THE TASK => Go to the line that contains "Uma bandeja com", then write out that line and all that follow to the end of the listing, exactly and without pictures.

═══ RECORDS TO USE ═══

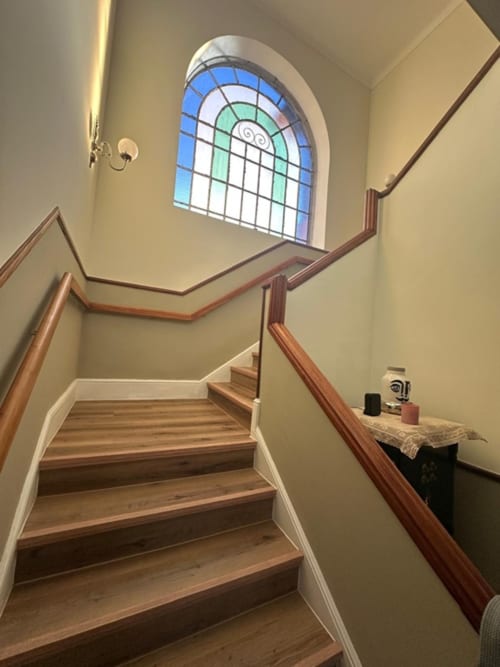 Staircase with wooden steps and handrails at Pink Shell BnB Santiago de Riba-Ui, arched stained glass window above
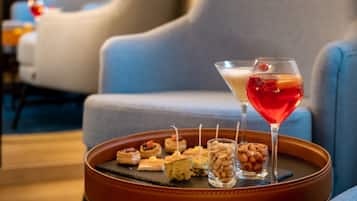 Uma bandeja com petiscos variados e um copo de martini sobre uma mesa em área de estar moderna, com sofás azuis.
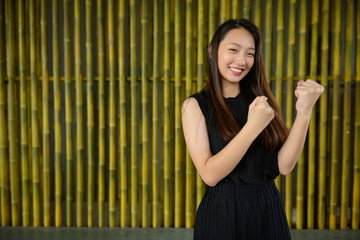 Happy young beautiful Asian businesswoman against bamboo fence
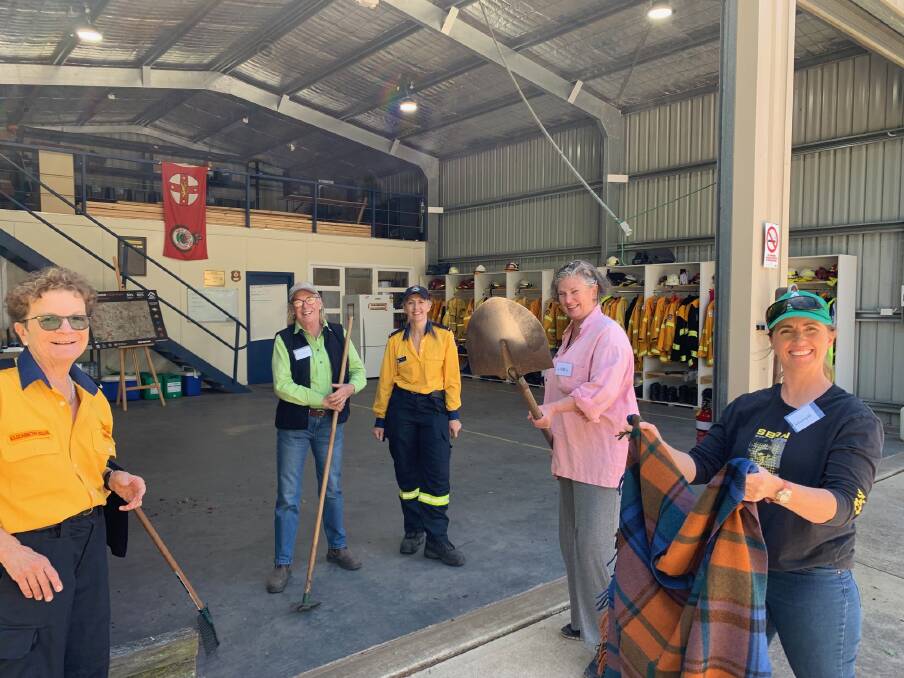 COMMUNITY ENGAGEMENT: Burrawang Rural Fire Brigade Deputy Captain, Elizabeth Ellis and Brigade Training Officer Phillipa Drewett and several Burrawang residents at a previous fire preparation and firefighting skills workshop. Photo: Supplied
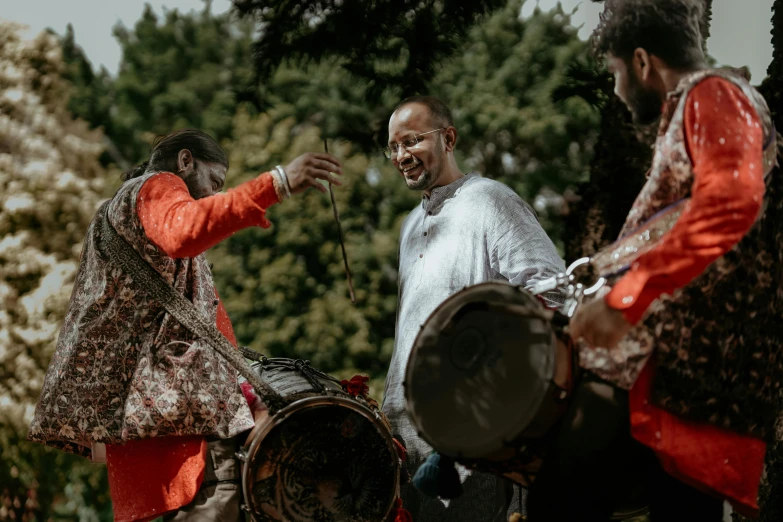 an old man is showing another man how to play drums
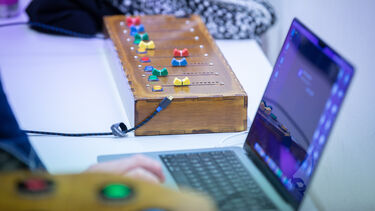 instrument on table next to laptop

═══

PROBLEM SOLUTION =>
 Uma bandeja com petiscos variados e um copo de martini sobre uma mesa em área de estar moderna, com sofás azuis.
 Happy young beautiful Asian businesswoman against bamboo fence
 COMMUNITY ENGAGEMENT: Burrawang Rural Fire Brigade Deputy Captain, Elizabeth Ellis and Brigade Training Officer Phillipa Drewett and several Burrawang residents at a previous fire preparation and firefighting skills workshop. Photo: Supplied
 an old man is showing another man how to play drums
 instrument on table next to laptop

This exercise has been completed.